Alenxandre Lenoir por Marie Bouliard

  Una Instrucción de la Asamblea que se publicó en marzo de 1794, declaraba que “el propietario y conservador del patrimonio nacional es el pueblo de Francia”. Desde 1791, consciente del vandalismo que estaba llevando a la ruina todas las obras de arte francesas, Alexandre Lenoir había comenzado a almacenar cuanto pudo salvar de la destrucción en un convento desafectado llamado “de los Pequeños Agustinos”, lo que hoy es la Ecole des Beaux Arts, en la calle Bonaparte (Il. 63 Monuments de France). La Instrucción de marzo fue un eficaz salvavidas y el almacén se convirtió en el primer Museo de los Monumentos de Francia. Entre otras muchas maravillas aún pudo amparar, gracias a su incesante actividad, algunas de las tumbas reales, verdaderamente prodigiosas, que hoy, tras su devolución, pueden de nuevo contemplarse en Saint-Denis (Il. 64 Tumbas reales). 

Monuments de France
Tumbas reales

  El Museo de Lenoir creó una atmósfera casi onírica, novedosa, imponente, sobrecogedora y monumental, que se corresponde, en Francia, a las fantasías góticas de Walpole en Strawberry Hill y de Beckford en Fonthill, romanticismo grandioso. En el Museo de Lenoir, por ejemplo, nació a la vocación de historiador Jules Michelet, atónito ante lo que se presentaba como una historia del arte antes de la historia del arte, simplemente porque Lenoir había agrupado las piezas por épocas, como había sugerido Winckelmann con su historia del arte griego. De pronto las obras de arte, hasta entonces mero objeto ornamental u ostentoso, adquirían un sentido temporal inédito al que se le iba a llamar “historia del arte” (más Ill. 65 Tumbas) (Édouard Pommier, p.130). Dicho en plata, de pronto las obras de arte significaban, tenían sentido y hablaban sobre la vida de los humanos a lo largo de los siglos, constituían un relato visible de las aspiraciones, ideales e insuficiencias de los mortales.

Pintura de Habert Robert, Monuments de France

  No obstante, aunque se salvaron muchos monumentos importantes, Notre-Dame quedó muy dañada y así seguiría durante décadas. No sería sino hasta medio siglo más tarde, en 1841, cuando se procedería a su primera restauración y en ese momento aparece otra figura tan insigne como poco conocida fuera de su país, el gran Eugène-Emmanuel Viollet-le-Duc (1814-1879) (Viollet a partir de ahora) (Ill. 66 Viollet) cuya obra de restauración es colosal, pero, además, es el padre de la arquitectura moderna. No lo digo yo, lo dice Le Corbusier: Les racines de l’architecture moderne sont françaises et sont a rechercher chez Viollet-le-Duc. “Las raíces de la arquitectura moderna son francesas y hay que buscarlas en Viollet-le-Duc”. En efecto, las raíces surgen de Viollet por su uso de los materiales técnicos (especialmente el hierro), su concepción de la estructura y su imaginación constructiva esencialmente racional e incluso funcional. De él saldrá Gaudí y la Sagrada Familia (pero no la de ahora, sino la de Gaudí), y también Frank Lloyd Wright, o el movimiento Arts and Crafts de la Gran Bretaña.

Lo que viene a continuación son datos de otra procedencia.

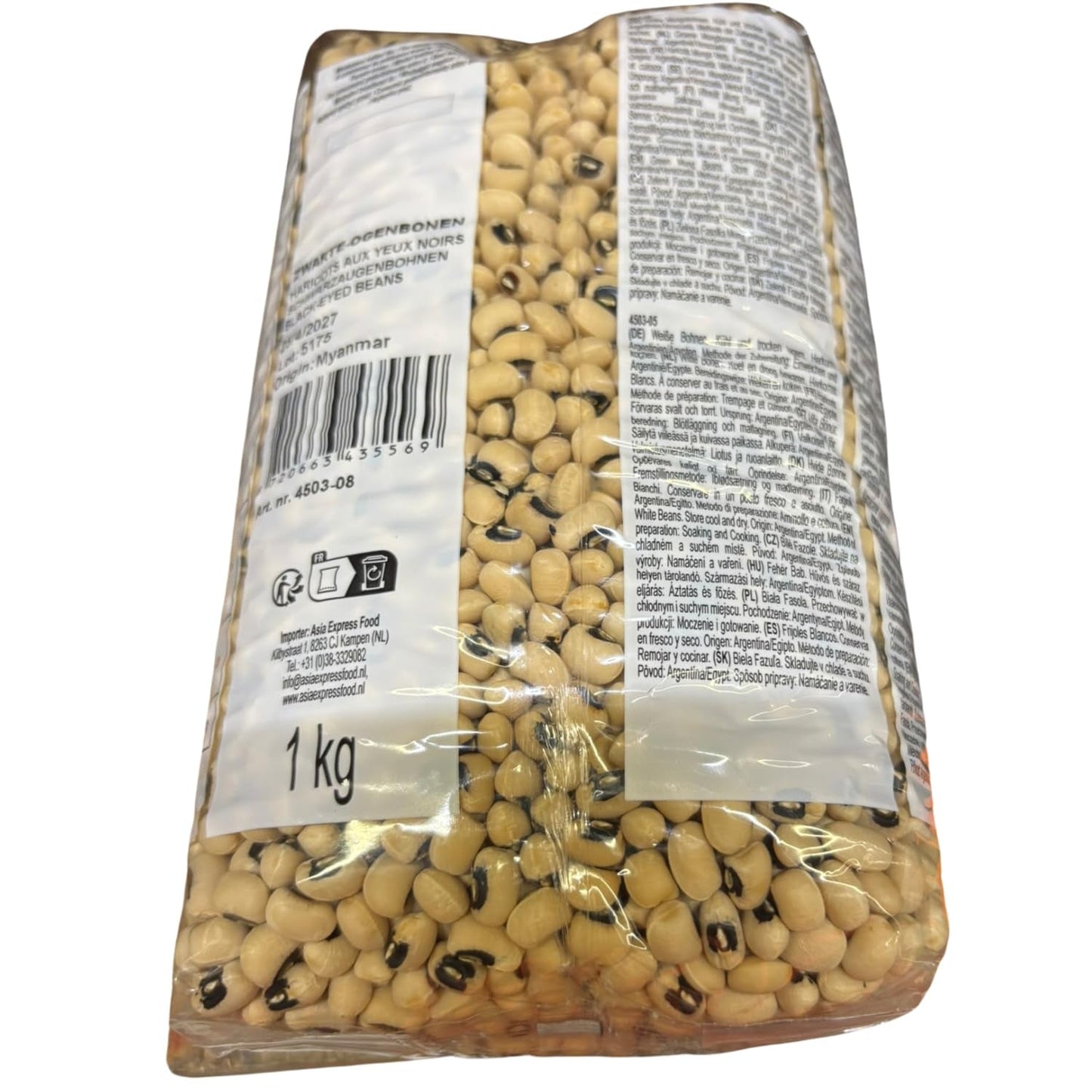 AFROASE - Schwarzaugenerbsen - 1 x 1 kg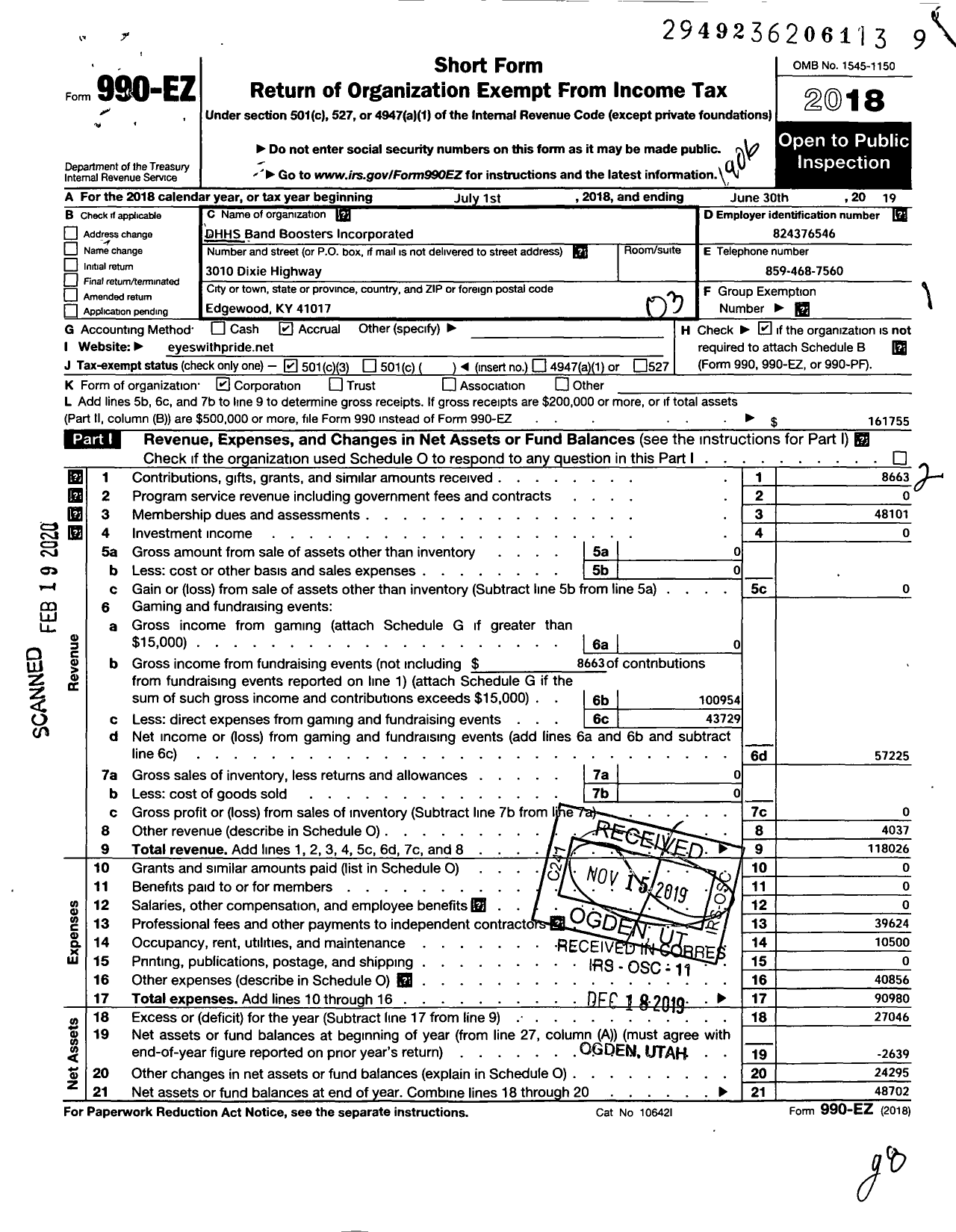 Image of first page of 2018 Form 990EZ for DHHS Band Boosters Incorporated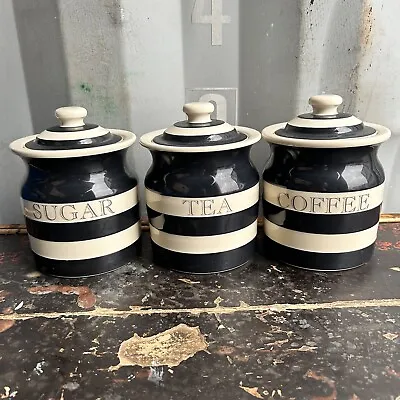 Buy T.G Green Cornishware Tea Coffee Sugar Jars Black And White Containers 5” Tall • 119.99£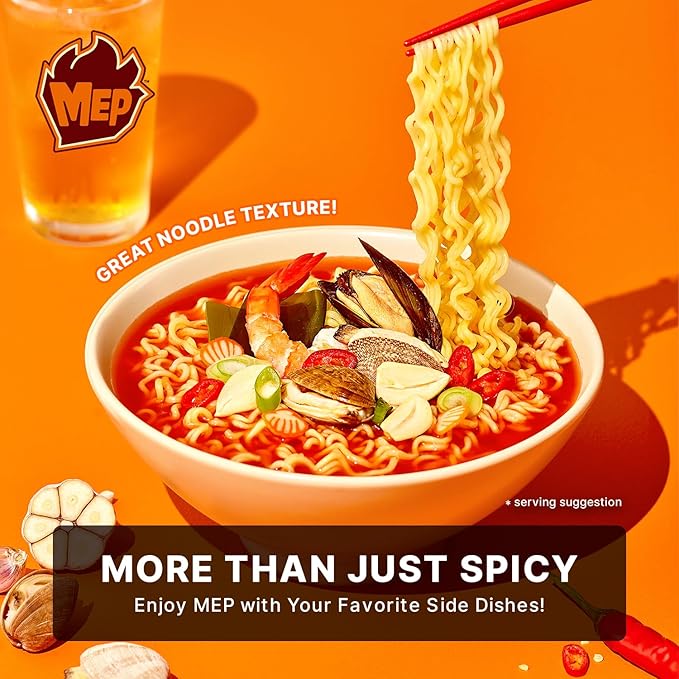 Samyang MEP Garlic Clam Ramen, Spicy Korean Instant Noodle Soup, ENHYPEN Pick, Refreshing Seafood Bone Broth Ramyeon, 3.88 oz (Pack of 4)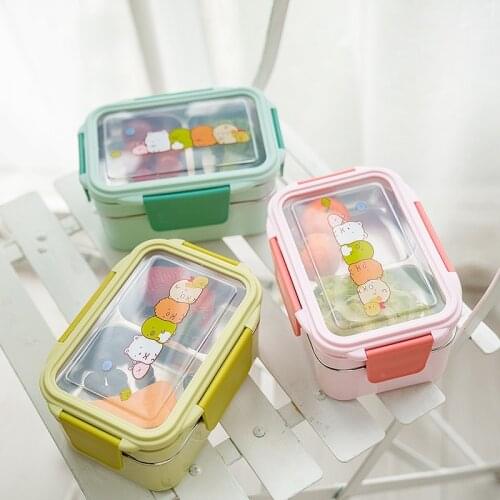 Cartoon Lunch Box Stainless Steel Double Layer Food Container for Kids Picnic School Bento Box Microwave Kitchen Utensils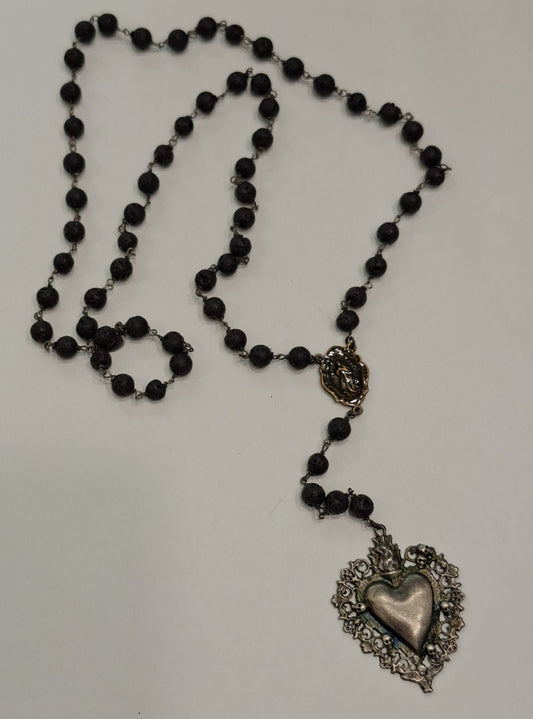 Collana Pietra Lavica Argento 925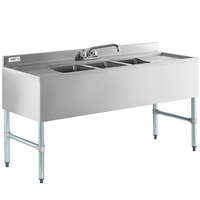Regency 3 Bowl Underbar Sink with Faucet and Two Drainboards - 60" x 21"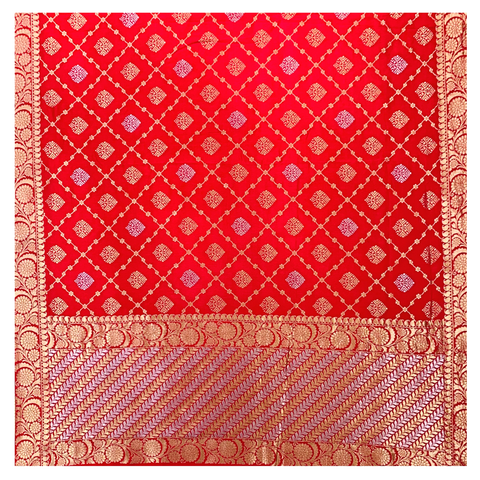 Red Linen Silk Banarsi Saree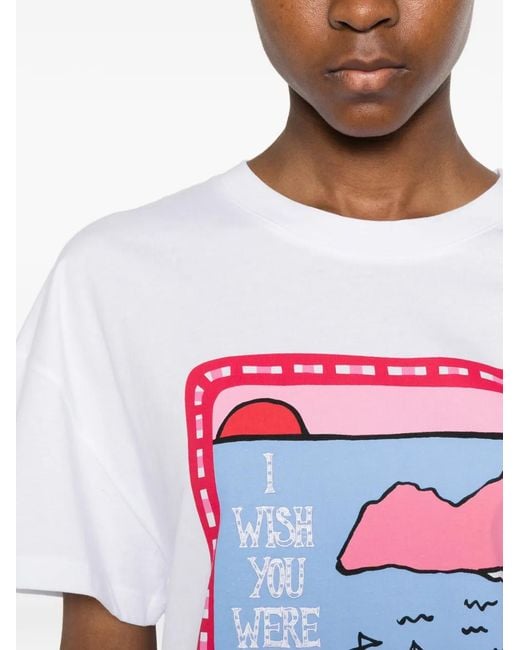 Pennyblack White Graphic-Print Short-Sleeve T-Shirt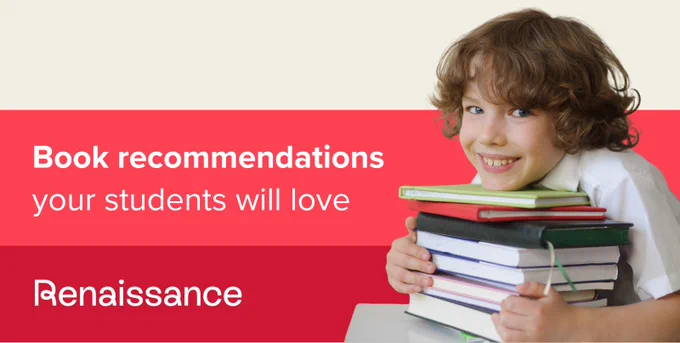 A person with curly hair smiles while hugging a stack of books. The image includes text: "Book recommendations your students will love" and the logo "Renaissance.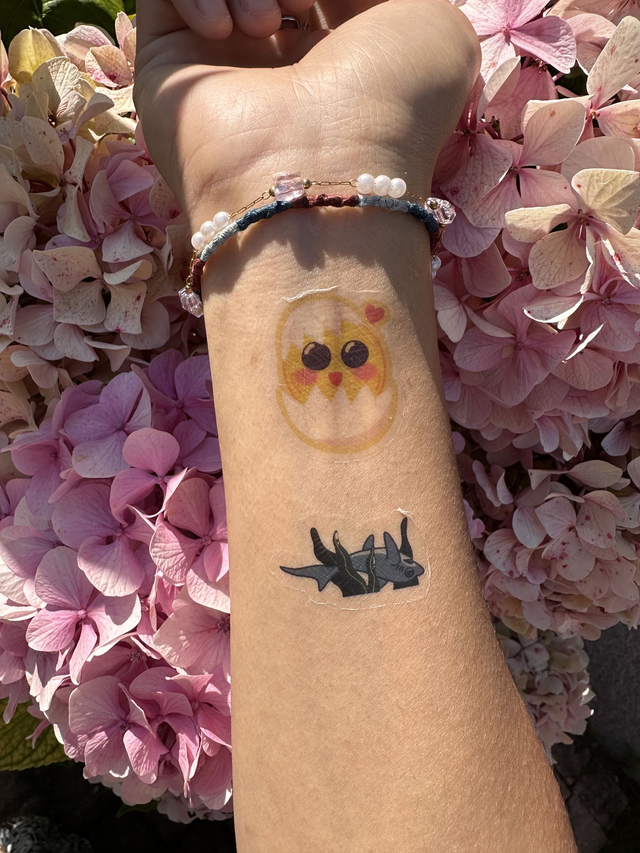 Tatouage temporaire Poussin ou Requin Renard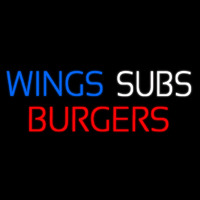 Wings Subs Burgers Neon Sign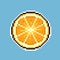 vector pixel art orange fruit icon
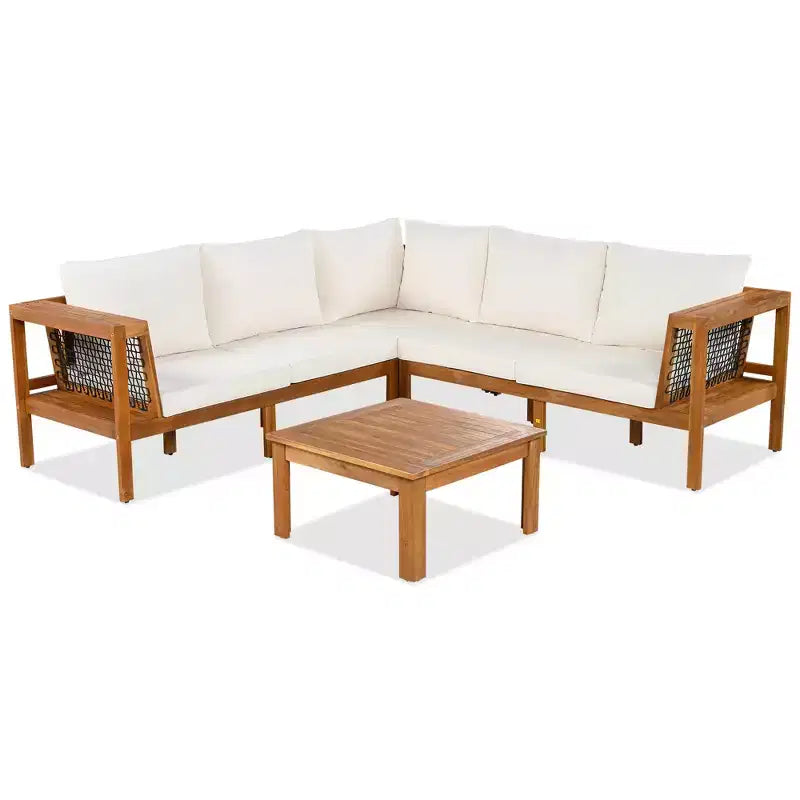 Ensemble de canapés de jardin 4 pièces en bois d'acacia Merax avec table basse et pieds réglables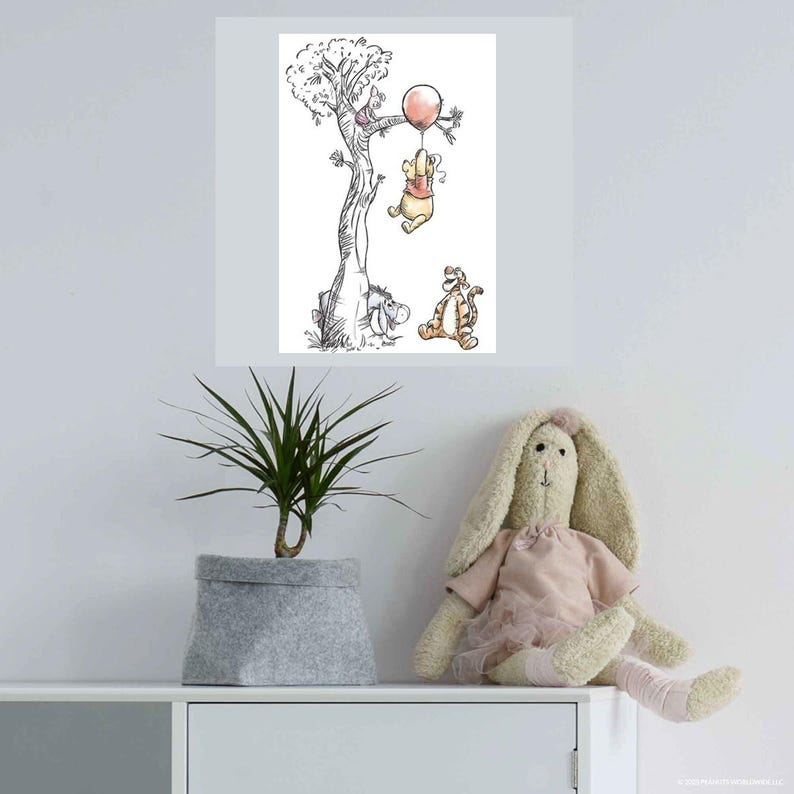 Patrón de punto de cruz de Winnie the Pooh para guardería: Globo colgado (patrón PDF) imagen 6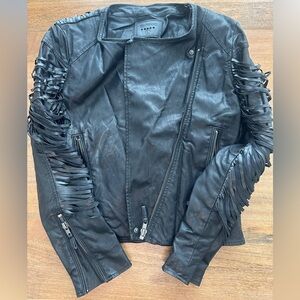 Blanknyc black fringe faux leather jacket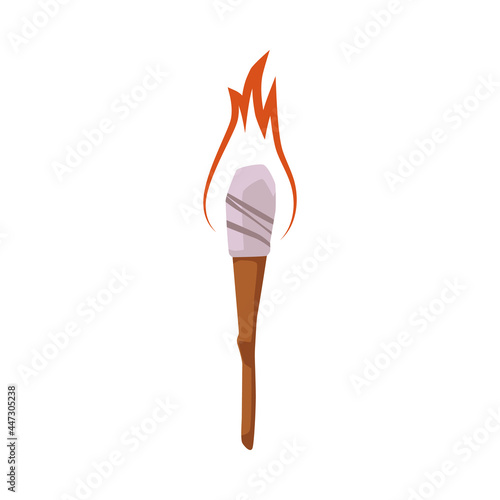 Primitive torch with fire for survival and protection of ancient cave people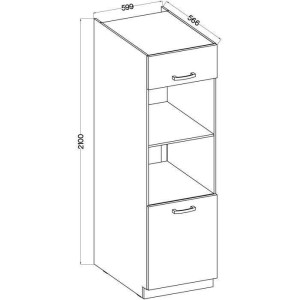 Möbelmöbel vier 2 Türen - Sonoma Chene Dekor - L 60 x D 57 x H 210 cm - Lassen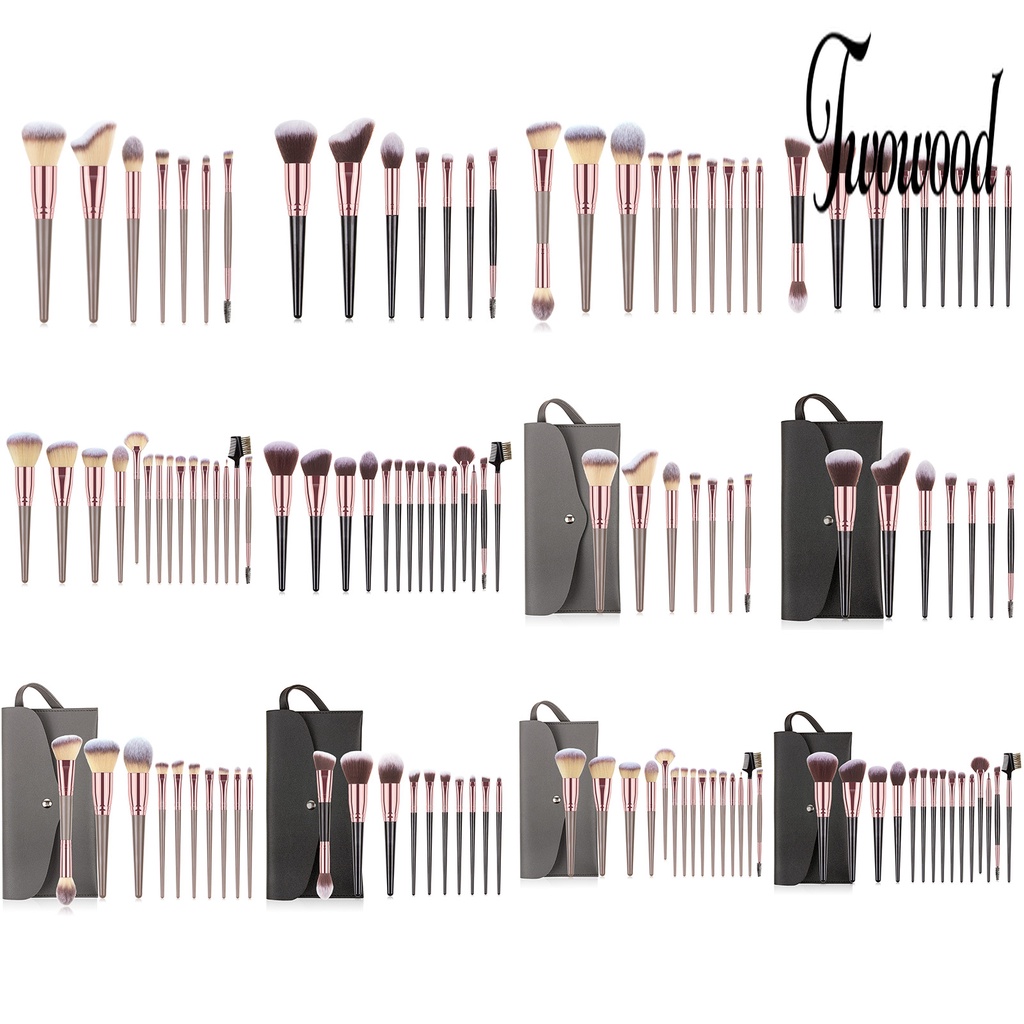 1 Set Brush Makeup Bulu Ringan Mudah Dibersihkan Untuk Wanita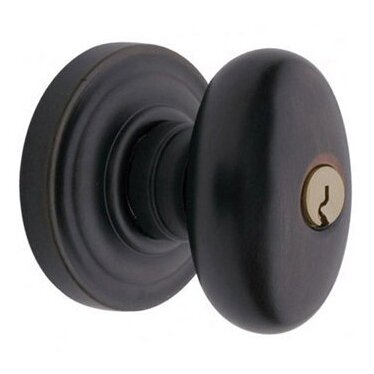 Baldwin Keyed Entry Door Knob with Classic Rose in Oil Rubbed Bronze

Eugène-Emmanuel Viollet-le-Duc

  Allí donde abandonamos el último capítulo en la historia del neogótico inglés y W.B. Pugin, aquí seguimos ahora con el capítulo de las invenciones y teorías de Viollet, así como su descomunal trabajo como restaurador y teórico, aunque dejaremos el caso del incendio de Notre-Dame para el cierre del recorrido.

[Cada día se publicará en THE OBJECTIVE un nuevo capítulo de este ensayo de Félix de Azúa. Si quiere leer las entregas anteriores, pinche donde pone «Capítulos», justo encima del título del libro al comienzo de esta página]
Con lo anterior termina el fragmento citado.